What you are asked to do: Starting at the line below that contains "三大电商市场份额排行、三大电商市场份额排行榜 三大电商市" and ending at the line that contains "Regulador de pressão", retype each line exactly as it stands, but omit the pictures.

Data shown:
=== Begin Enclosure ===
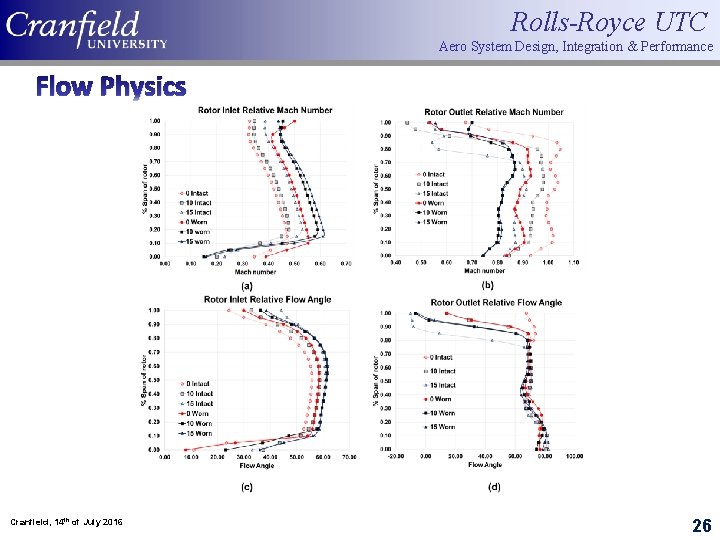 Rolls-Royce UTC Aero System Design, Integration & Performance Flow Physics Cranfield, 14 th of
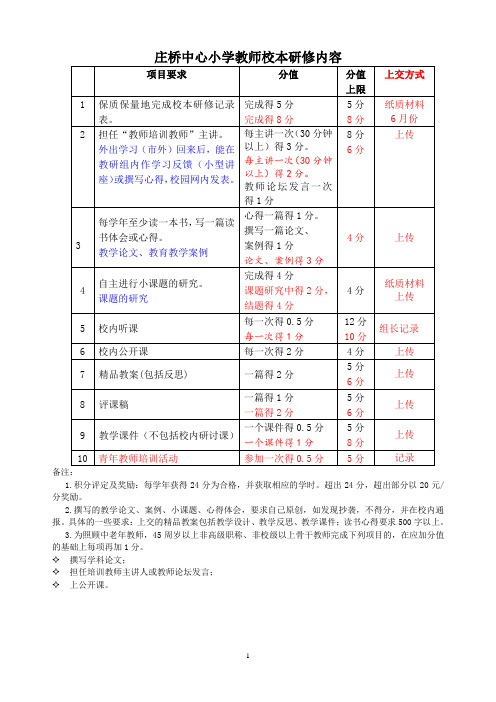 教师校本研修内容修改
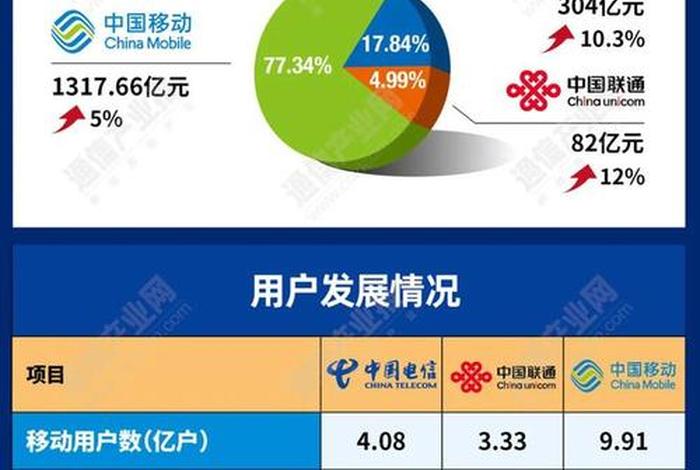 三大电商市场份额排行、三大电商市场份额排行榜 三大电商市场份额排行、三大电商市场份额排行榜
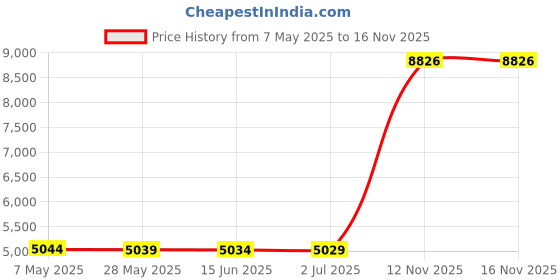 amazon.in Lawn Mower Deck/Drive Belt 1/2" X 82" for Craftsman 24103,15492, TH4H820, Husqvarna 531300768, AYP 140294 532140294 Price History Graph from 7 May 2025 to 16 Nov 2025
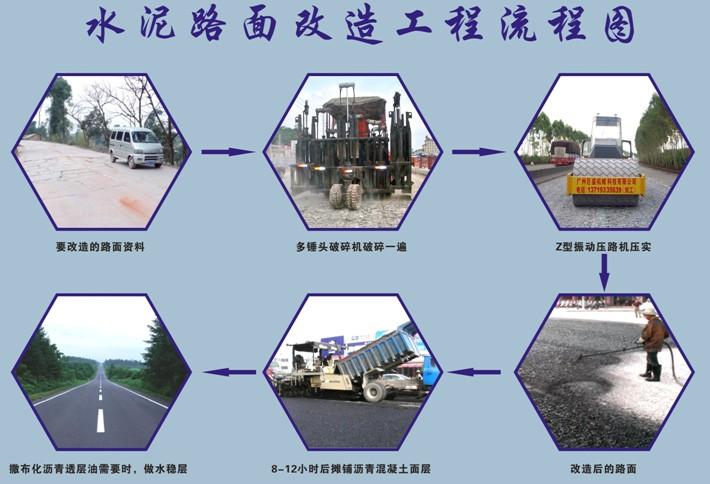 水泥路面破碎機圖片/水泥路面破碎機樣板圖 (3)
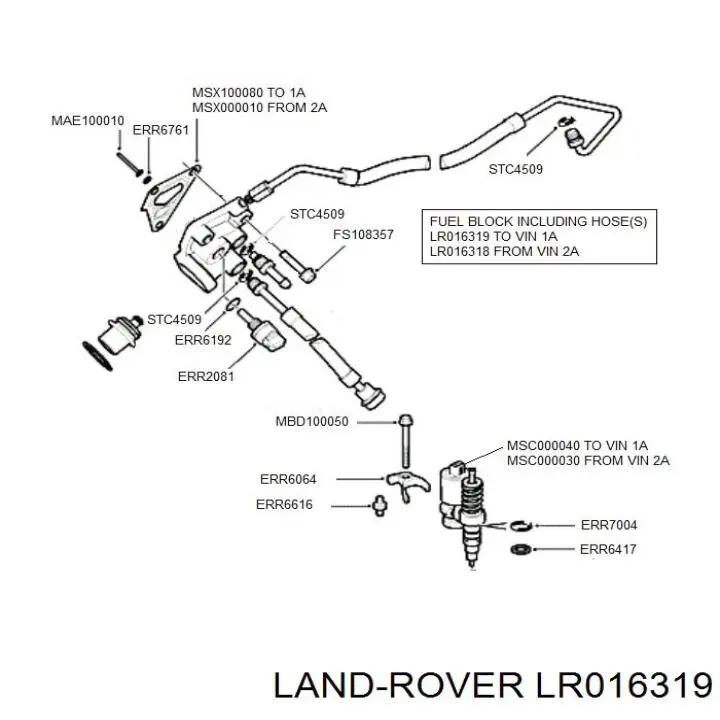  Regulador de pressão de combustível na régua de injectores Land Rover Discovery II SUV (LJ ,LT) (1998 - 2004) II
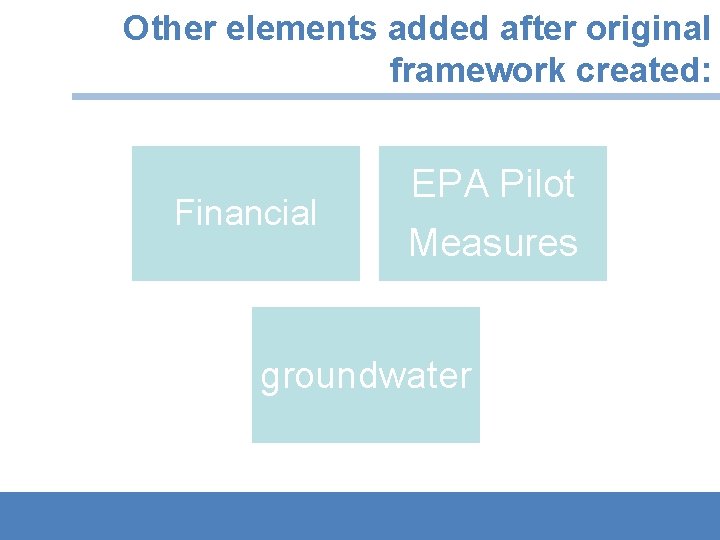 Other elements added after original framework created: Financial EPA Pilot Measures groundwater 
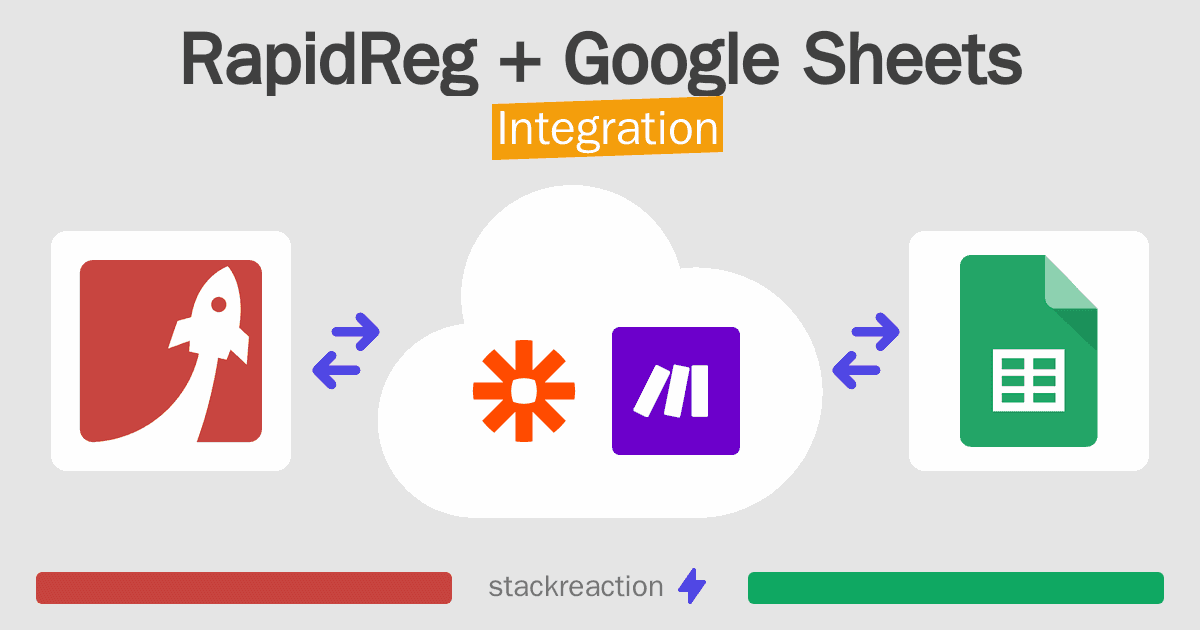 RapidReg and Google Sheets Integration
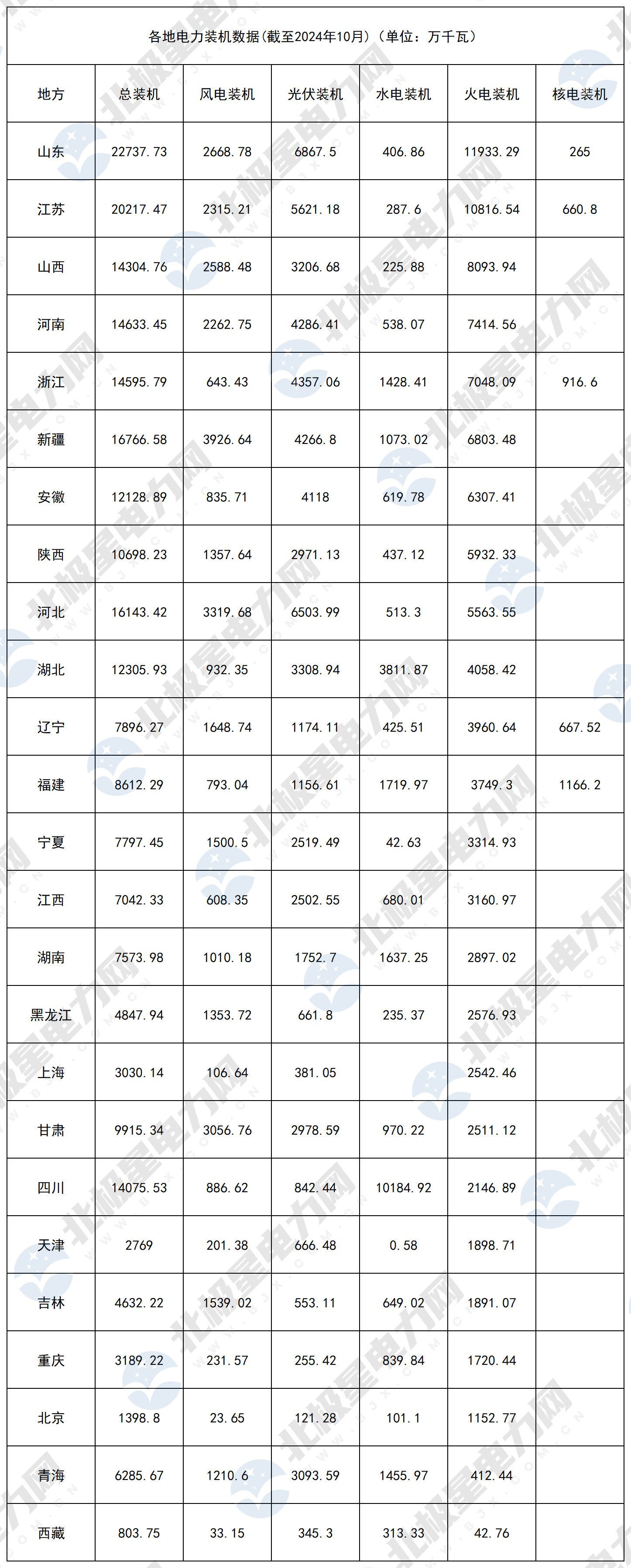 中国·88038威尼斯检测中心(中国)股份有限公司-官方网站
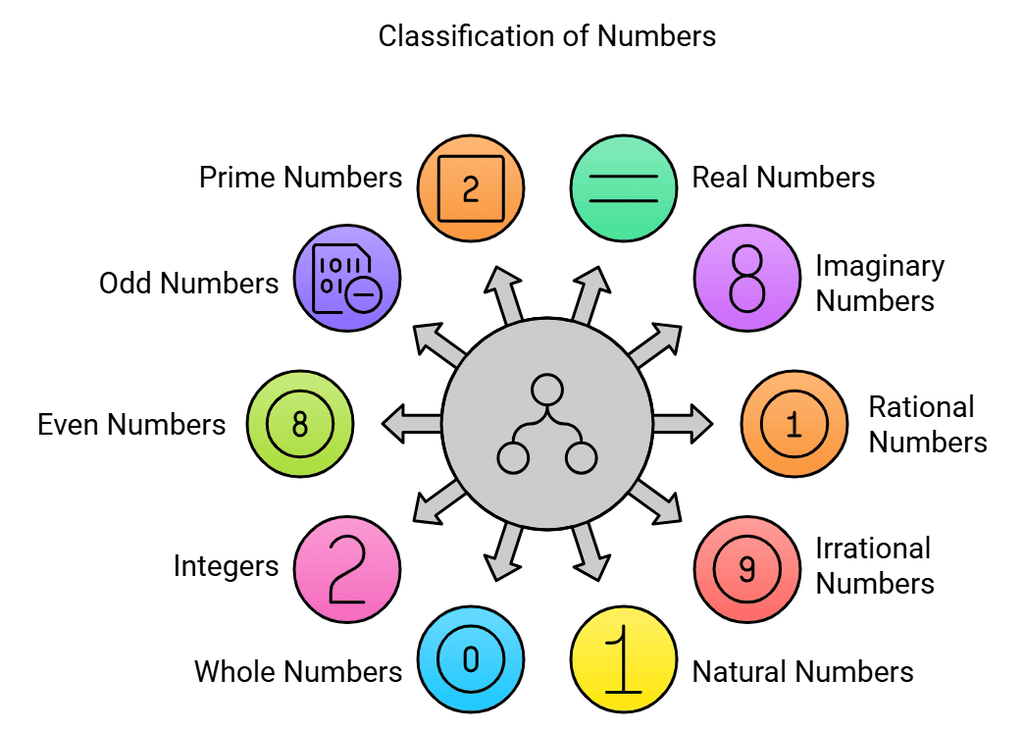 Notes: Number System | Mathematics & Pedagogy Paper 2 for CTET & TET Exams - CTET & State TET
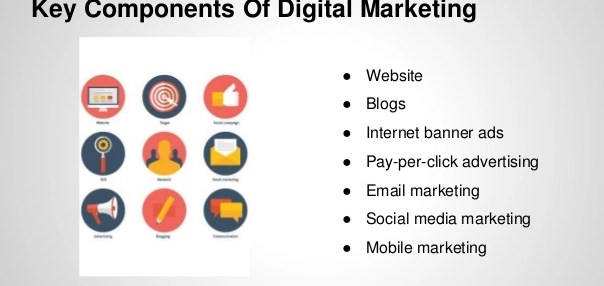 Digital marketing components to learn for consultants.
=== End Enclosure ===
Result:
 三大电商市场份额排行、三大电商市场份额排行榜 三大电商市场份额排行、三大电商市场份额排行榜
 amazon.in Lawn Mower Deck/Drive Belt 1/2" X 82" for Craftsman 24103,15492, TH4H820, Husqvarna 531300768, AYP 140294 532140294 Price History Graph from 7 May 2025 to 16 Nov 2025
 水泥路面破碎機圖片/水泥路面破碎機樣板圖 (3)
  Regulador de pressão de combustível na régua de injectores Land Rover Discovery II SUV (LJ ,LT) (1998 - 2004) II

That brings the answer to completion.